• PROBLEM DESCRIPTION:
For the copy, please give all of the data again exactly and leave the pictures out.
== AVAILABLE DATA
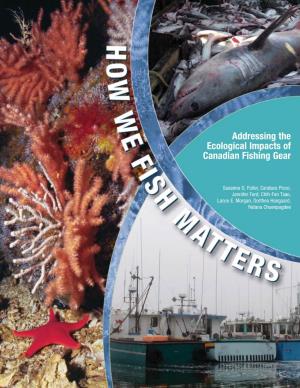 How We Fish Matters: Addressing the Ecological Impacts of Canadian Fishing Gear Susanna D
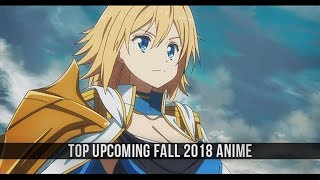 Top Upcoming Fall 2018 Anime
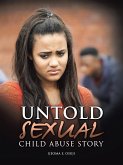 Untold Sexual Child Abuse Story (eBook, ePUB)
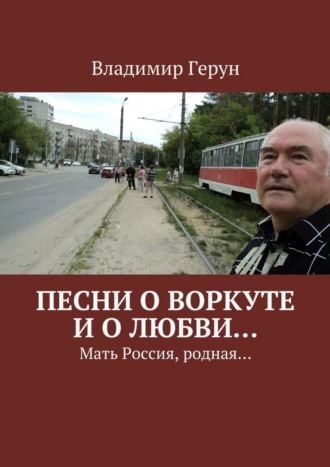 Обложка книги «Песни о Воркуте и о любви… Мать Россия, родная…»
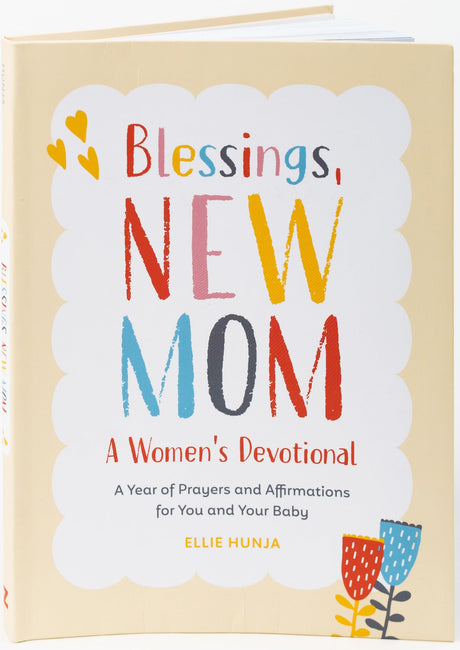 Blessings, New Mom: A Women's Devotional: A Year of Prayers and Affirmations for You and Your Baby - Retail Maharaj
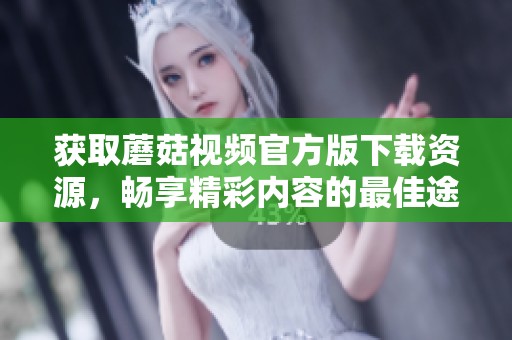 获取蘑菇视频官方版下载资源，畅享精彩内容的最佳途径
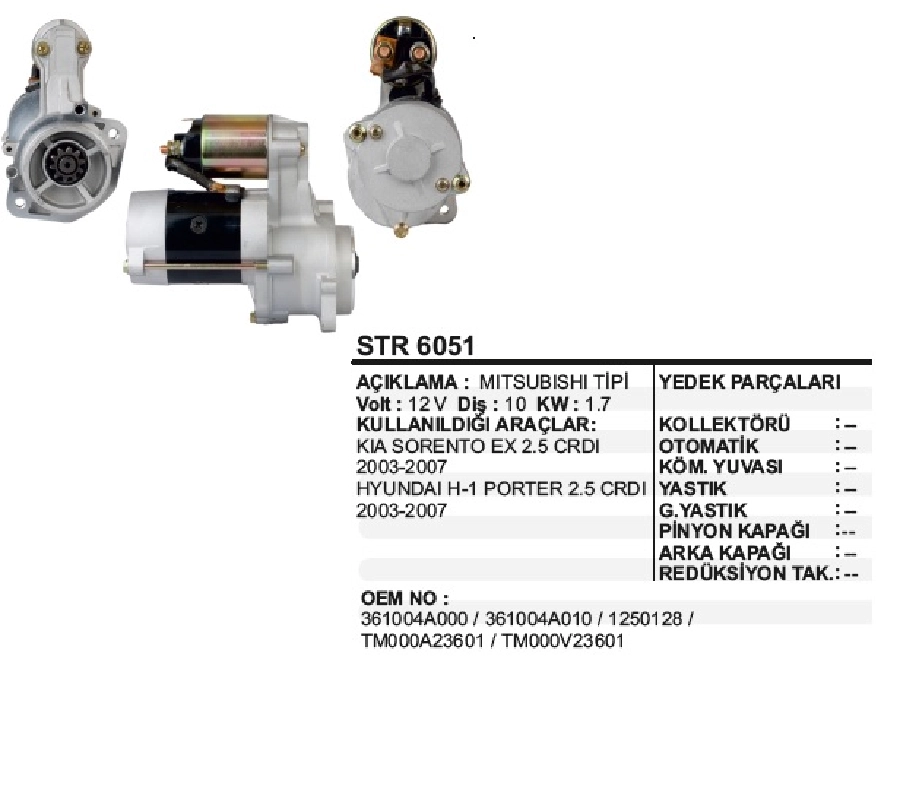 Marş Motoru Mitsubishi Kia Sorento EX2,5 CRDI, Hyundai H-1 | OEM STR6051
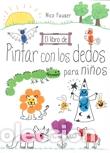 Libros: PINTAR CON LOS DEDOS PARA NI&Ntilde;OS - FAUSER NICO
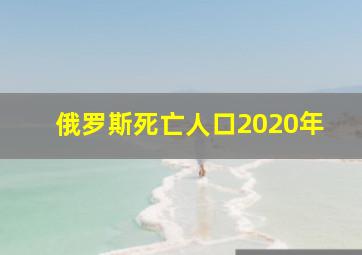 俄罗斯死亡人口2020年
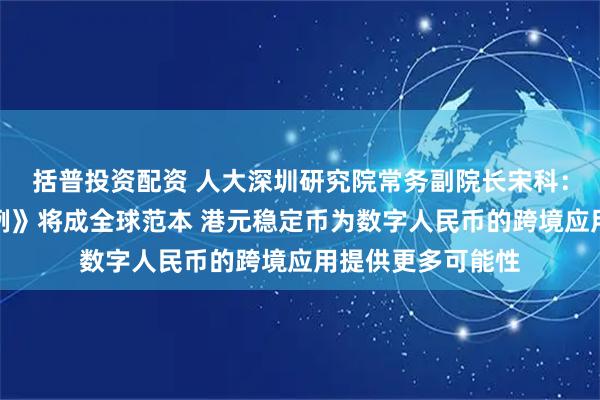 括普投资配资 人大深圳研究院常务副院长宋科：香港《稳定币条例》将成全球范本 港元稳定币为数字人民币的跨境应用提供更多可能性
====
• TASK RESPONSE:
 How We Fish Matters: Addressing the Ecological Impacts of Canadian Fishing Gear Susanna D
 Top Upcoming Fall 2018 Anime
 Untold Sexual Child Abuse Story (eBook, ePUB)
 Обложка книги «Песни о Воркуте и о любви… Мать Россия, родная…»
 Blessings, New Mom: A Women's Devotional: A Year of Prayers and Affirmations for You and Your Baby - Retail Maharaj
 获取蘑菇视频官方版下载资源，畅享精彩内容的最佳途径
 Marş Motoru Mitsubishi Kia Sorento EX2,5 CRDI, Hyundai H-1 | OEM STR6051
 Libros: PINTAR CON LOS DEDOS PARA NI&Ntilde;OS - FAUSER NICO
 俄罗斯死亡人口2020年
 括普投资配资 人大深圳研究院常务副院长宋科：香港《稳定币条例》将成全球范本 港元稳定币为数字人民币的跨境应用提供更多可能性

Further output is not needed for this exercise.